Take snow removal. It snows and streets are impassable. Crews come out, remove the snow, and normal functions resume. That’s what we want. That’s effective government.

Yes, we desire efficient government where funds are used honestly and in a prudent manner, keeping costs low. We don’t want all the contracts for snow removal going to the mayor’s friends and family. But removal of the snow is our primary concern. The possibility of saving some money in the process is desirable, but secondary.

This view does not condone illegal or unethical behaviors. But it adds a dimension to ethical government. Would we prefer perfectly appropriate contracting and a poor job of snow removal?

The essential ethical aspect of government, touched only lightly at this conference, is the need for government officials to do the right thing. Often, the excuse is made that there are differences of opinion as to what is right. This argument merely reveals an inadequacy of debate, sometimes disguising an unwillingness to oppose ill-informed views.

For example, is it morally justified to deny necessary services to the poor, the disabled and the disadvantaged in order to maintain low taxes on the wealthy? Is it unconscionable to deny unemployment or Worker’s Compensation in order to keep down taxes on workers holding jobs? (Many people believe that employers pay these taxes, but in all likelihood they are paid indirectly through lower wages for those at work.)

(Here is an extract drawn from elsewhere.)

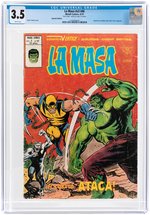 "LA MASA" #V3 #40 APRIL 1979 CGC 3.5 VG- (SPANISH INCREDIBLE HULK #181-182 - FIRST WOLVERINE).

In Indiana and across the nation, arguments bubble concerning the effect on investment and the robustness of business if taxes are raised moderately. Those arguments are unfounded except in the mythology of the ignorant. We have a cadre of conservatives who would cut government spending in order to get people back to work. This is a fundamentally flawed idea.

To accept these positions, to honor them as valid expressions of personal values, is unethical. To avoid debate because your opponent holds a different view is wrong. That is why legislative minorities in several states have denied the majorities easy victories. Failure to cooperate with an unethical power is a commendable ethical stand.•


Marcus taught economics for more than 30 years at Indiana University and is the former director of IU’s Business Research Center. His column appears weekly. He can be reached at mmarcus@ibj.com.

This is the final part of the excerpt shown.